Note: Ribavirin may be considered in severe, life-threatening cases, particularly in high-risk patients such as those who are immunocompromised or have significant underlying cardiopulmonary disease.

Bronchodilators

Bronchodilators such as albuterol are sometimes used in clinical practice, especially when wheezing is present. However, their routine use in RSV bronchiolitis is controversial.

Some patients may demonstrate a temporary improvement in symptoms, but studies have not consistently shown meaningful or sustained benefits. As a result, bronchodilators are not routinely recommended unless there is a clear and documented clinical response.

Corticosteroids

Corticosteroids have also been studied in the management of RSV infection. However, evidence does not support their routine use in typical cases of bronchiolitis.

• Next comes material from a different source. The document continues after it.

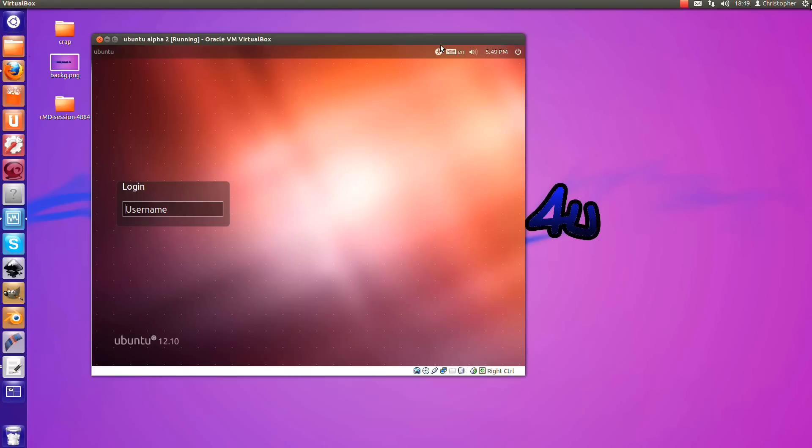Because they've got their 12.04 LTS to fall back on. So, I mean, they've got this next six months to really push at what they can do.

They may be considered in select situations, such as in patients with underlying reactive airway disease, but they are not part of standard treatment for uncomplicated RSV infection.

Antibiotics

Antibiotics are not indicated in RSV infection because it is a viral illness. Their use should be reserved for cases where there is clear evidence of a secondary bacterial infection.

Unnecessary use of antibiotics should be avoided to prevent antimicrobial resistance and reduce the risk of adverse effects.

Prevention Strategies

Preventing RSV infection is a key component of reducing its clinical impact, particularly in high-risk populations.

Palivizumab Prophylaxis

Palivizumab is a monoclonal antibody directed against RSV. It is used as a preventive measure rather than a treatment.

Key features include:

  • Administered as monthly intramuscular injections during RSV season
  • Provides passive immunity against RSV
  • Reduces the risk of severe disease and hospitalization

Indications for palivizumab include:

  • Premature infants
  • Infants with bronchopulmonary dysplasia
  • Infants with significant congenital heart disease
  • Children with certain airway abnormalities
  • Immunocompromised patients

Note: It is important to emphasize that palivizumab does not treat active RSV infection. Its role is strictly prophylactic.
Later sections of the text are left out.